I wanted him to bring me Roszi, that wonderful gold head which sees and speaks all; Roszi, who was once a beautiful nivasha in the Falls of Aquilo; Roszi whom Koschei, by joining her icy soul and head to the body of a fire-demon and enchanting them both, had made into a puppet, a mere bed-toy to play with in the dark.

Ah, how I long for the Golden Head, spoiled and wayward though it be. How it would improve my shining hours! I would give it a proper, fitting use.

My wits are – a very little – sharper than Erchon’s; nevertheless I was surprised when he obeyed me and lay down on the banks of the river, the mighty Lytha. Before he could raise his sword or otherwise resist, I kicked him into the water and at the same time spoke a spell. I turned him into a drop of river water and off he went to Pargur, which at that time was under siege from the Kristnik, Lord Parados, and which the Archmage, Koschei the Deathless, held.

Erchon tricked me, somehow, somewhere. He never returned from Pargur; much less carrying the Golden Head with him. I do not believe him dead, for no one has seen him or Roszi – but she is no longer in Koschei’s gluttonous grasp, for she vanished the same day from Castle Sehol.

Darklis blew out a fan of smoke and idly watched it float above her head.

‘I fear that he is using her, though I did not know he could work magic. Certainly, he uses her for his convenience and pleasure. Neither dwarf nor man, if he love a nivasha, will ever rest easy or be content with a common, mortal woman.’

She put down the pipe and leaned forward.

‘Have you seen them, little Princess? Did they stray into your Plains, pretty Gry?’

‘They are surely creatures from a fable – no!’ breathed Gry. ‘I have never seen nor heard of anything, of any creature like this Roszi. No. But I knew Githon, the Copper Dwarf –’

‘Who is Erchon’s cousin twice-removed in the female line?’

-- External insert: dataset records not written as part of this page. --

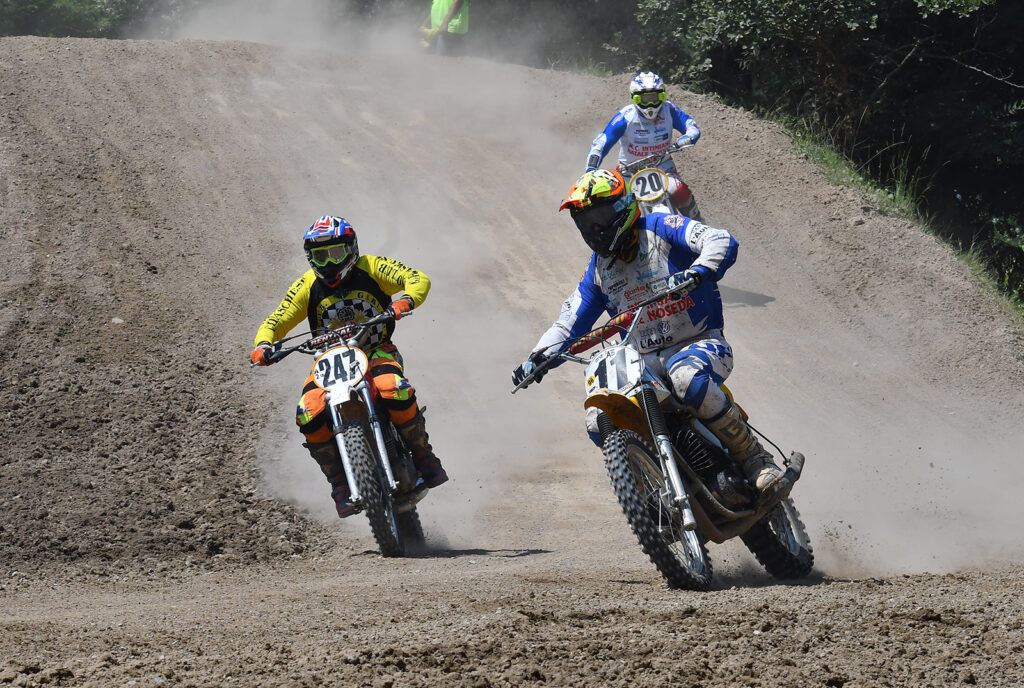 ph. Fuoristrada & motocross d'epoca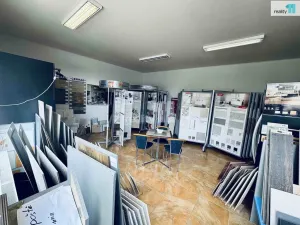 Prodej obchodního prostoru, Chlumčany, U Keramičky, 168 m2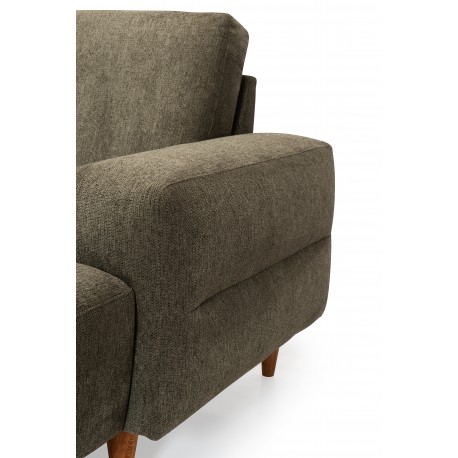 Hjort Knudsen Almind chaiselongsofa højrevendt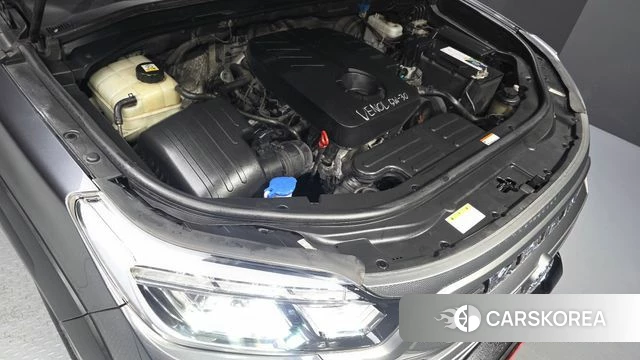 Ssangyong Rexton Sports Cannes id 4759927 из Кореи 27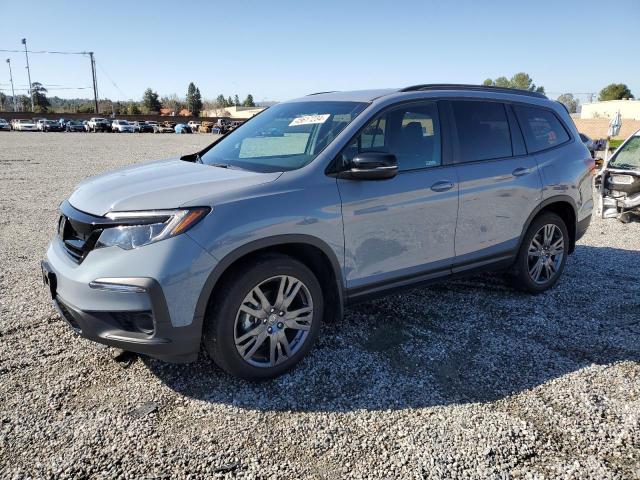 2022 HONDA PILOT SPOR - 5FNYF5H37NB024429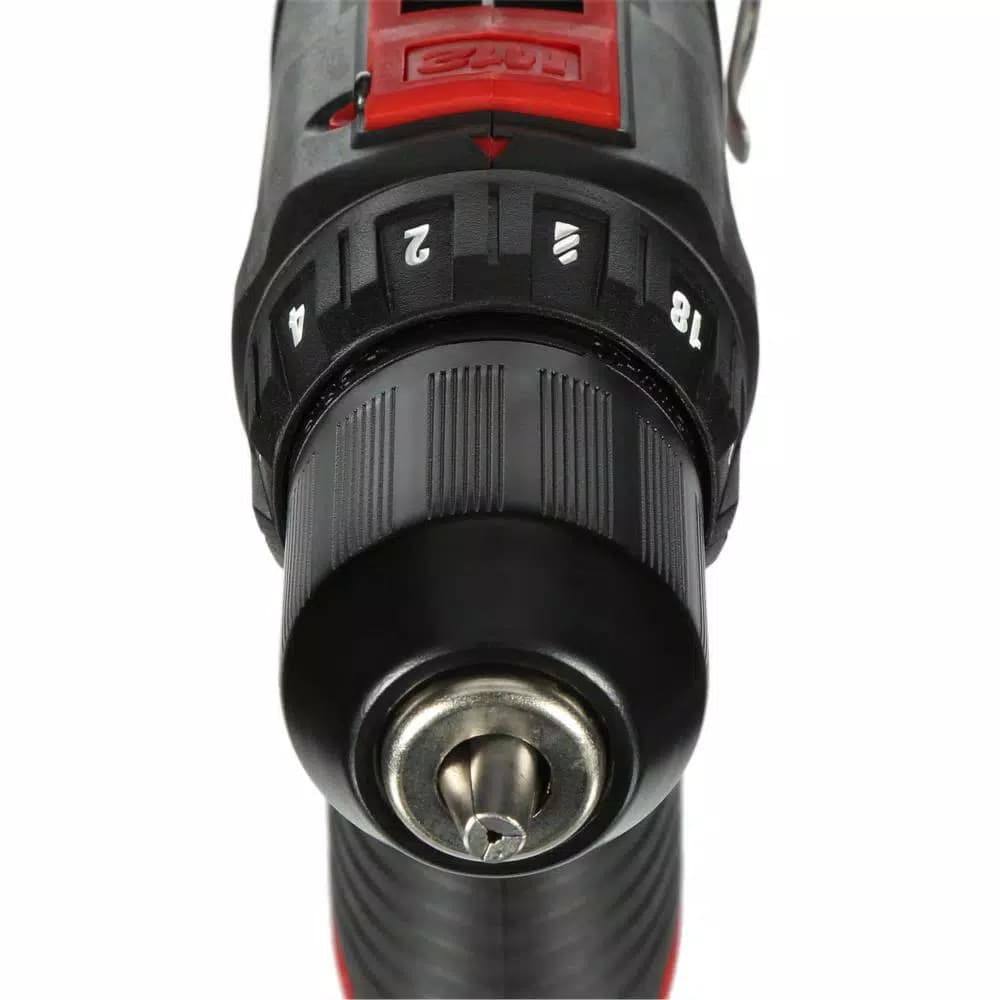 Milwaukee M12 12V Lithium-Ion Cordless 3/8 in. Drill/Driver (Tool-Only)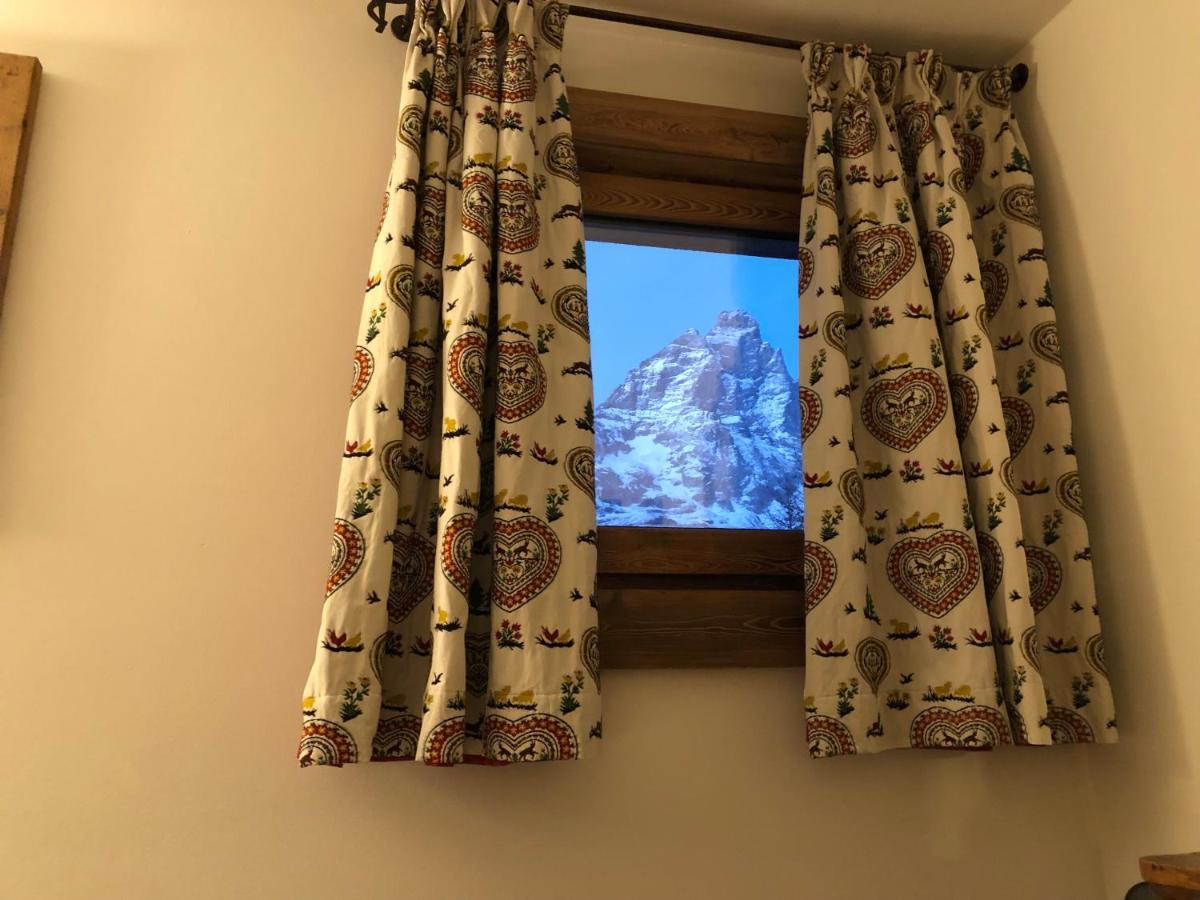 Апартаменти Il Gioiello Di Cervinia Брей-Червінія Екстер'єр фото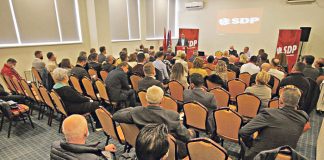 SDP BiH nikada neće biti opozicija interesima države, nego lošoj vlasti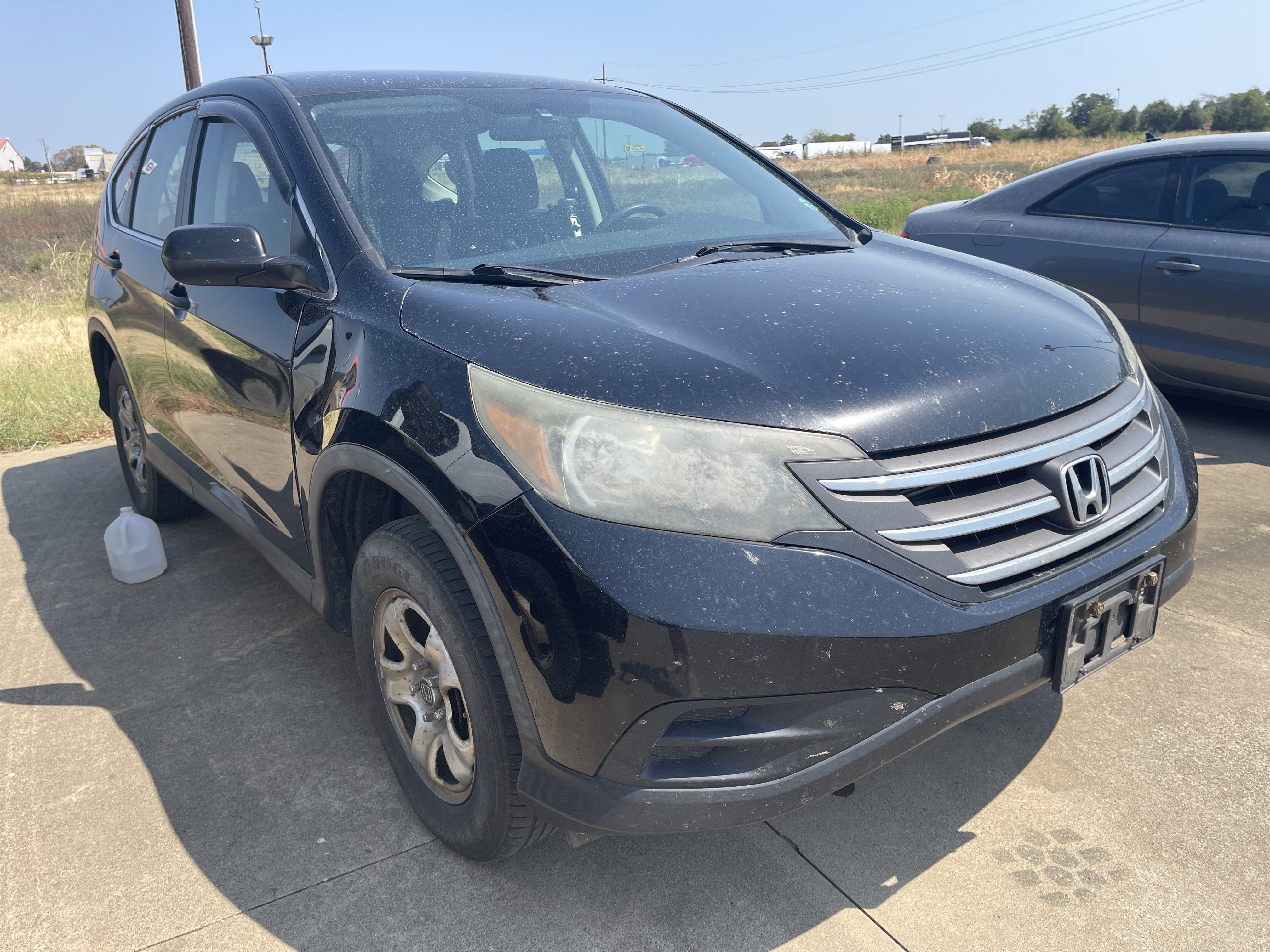 Used 2014 Honda CR-V LX image 2
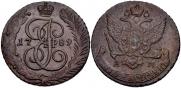 5 kopecks 1789 year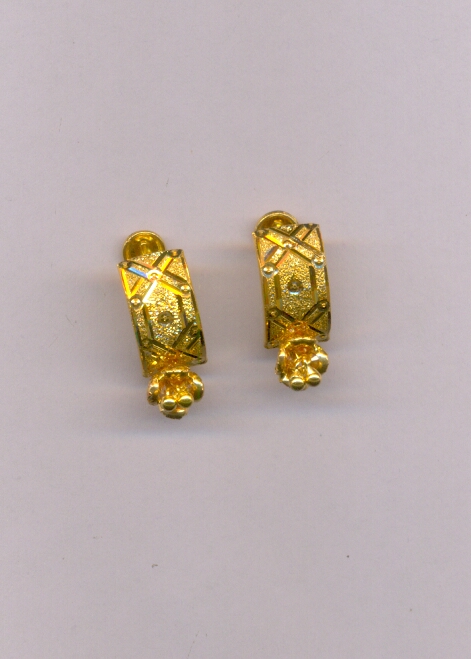 GOLD HANGING PLAIN EXCLUSIVE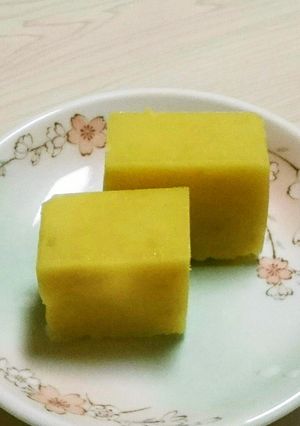 塩レモン味の芋ようかん-レシピのメイン写真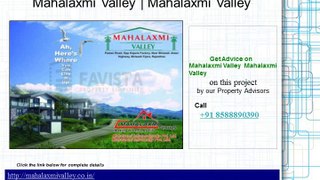 Mahalaxmi Valley Plots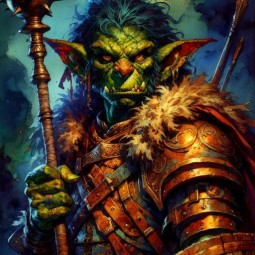 お手軽画像メーカー第二弾：ファンタジーポートレートメーカー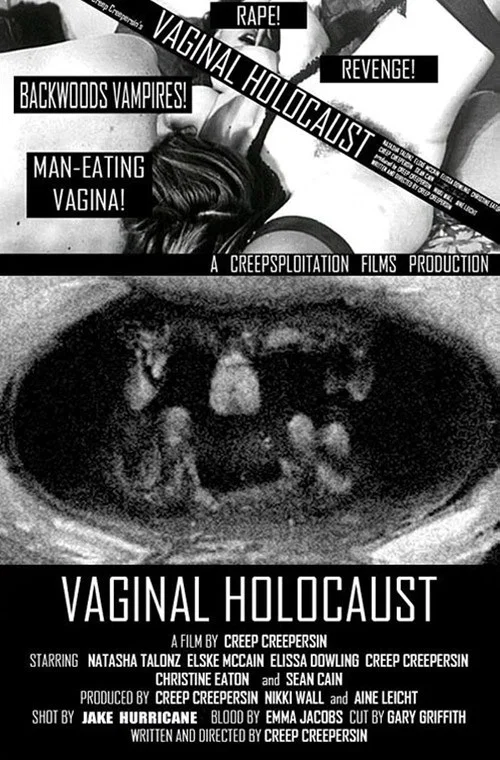 Vaginal Holocaust постер
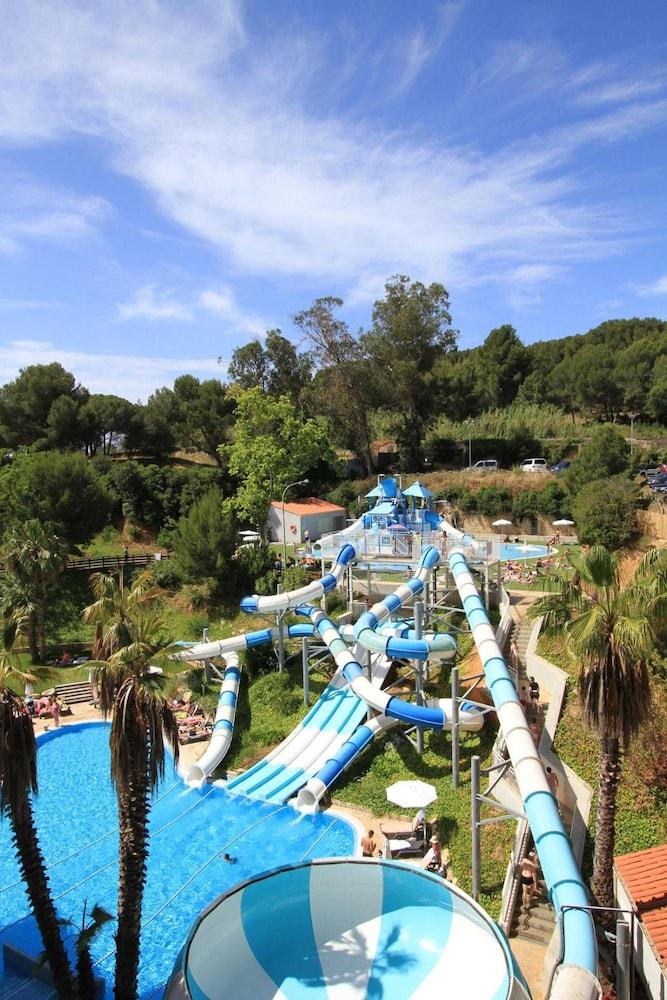 Hotel Gran Garbi Mar & Aquasplash Lloret de Mar Exterior photo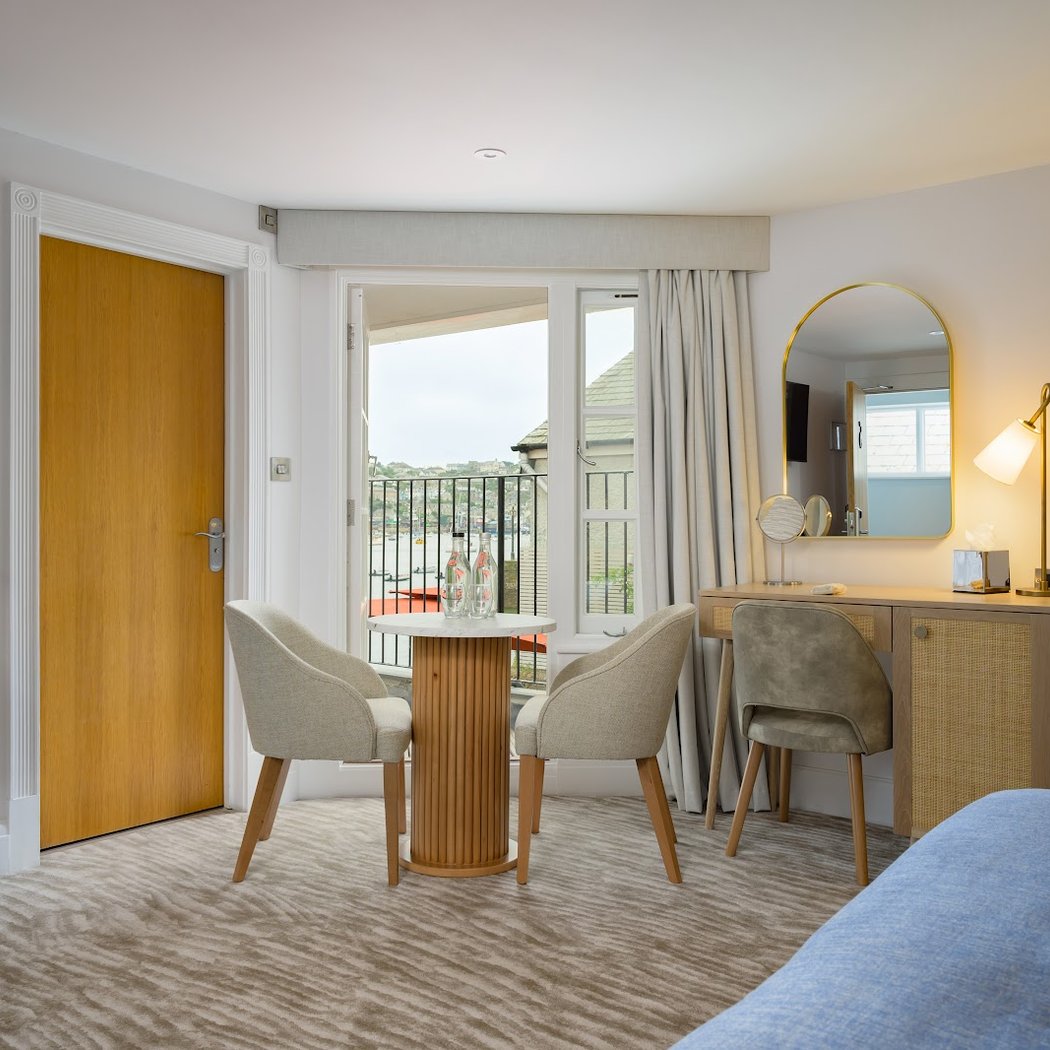 The Old Quay House Hotel 3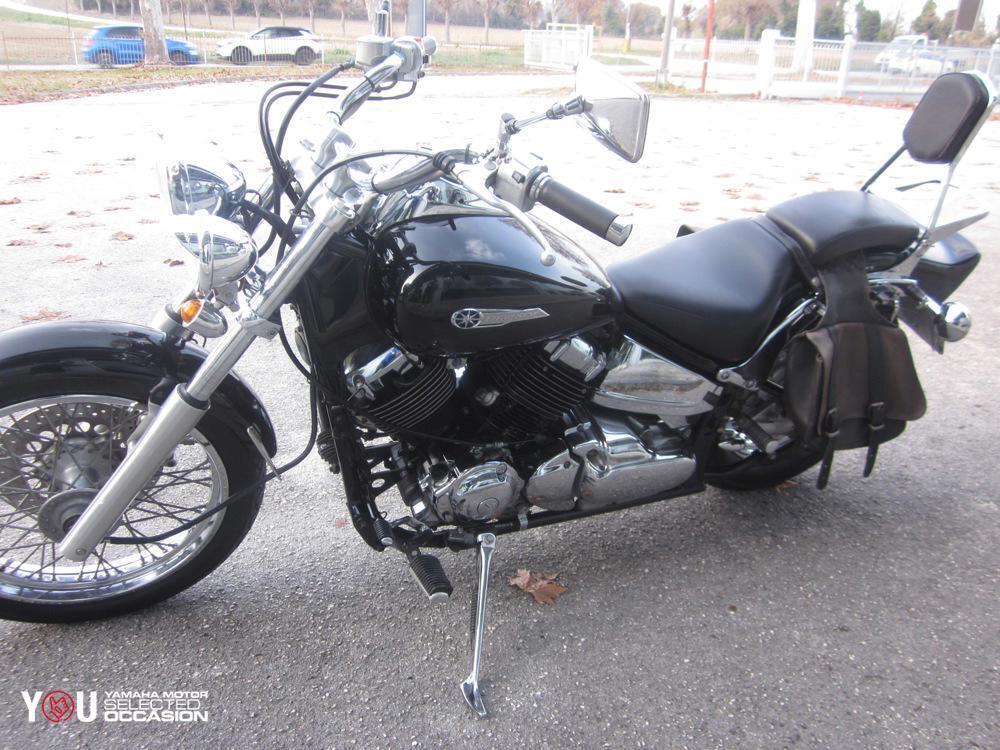 Yamaha XVS 650 Drag Star (1997 - 05) (2)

‘Yes. Githon is a fine, upstanding dwarf, a travelling philosopher and lover of the curious. He was my father’s friend.’

‘Where is he?’

‘I do not know.’

The gypsy witch stared long at Gry, paying particular attention to the luminous, unwavering flame above her head, which was the light of her soul and which only she could see, and to the depths of her dark pupils. Gry, like all Ima women, could hear the soft interior pulse-beat and other tiny sounds a person’s soul makes within him; now, feeling the eyes and attention of the gypsy on her, she listened for Darklis’s soul and soon heard it yawn and begin to snore, calmed into slumber by the strong tobacco. Soon, Darklis herself yawned.

‘I am quite sure you are telling the truth,’ she said, a little grudgingly. ‘How late it is – or how early! You had better take my bed. I will sleep here, in the chair. There is too much of soft living in that bedroom for me: it is an ambitious conceit and I am happier by my smoky fire.’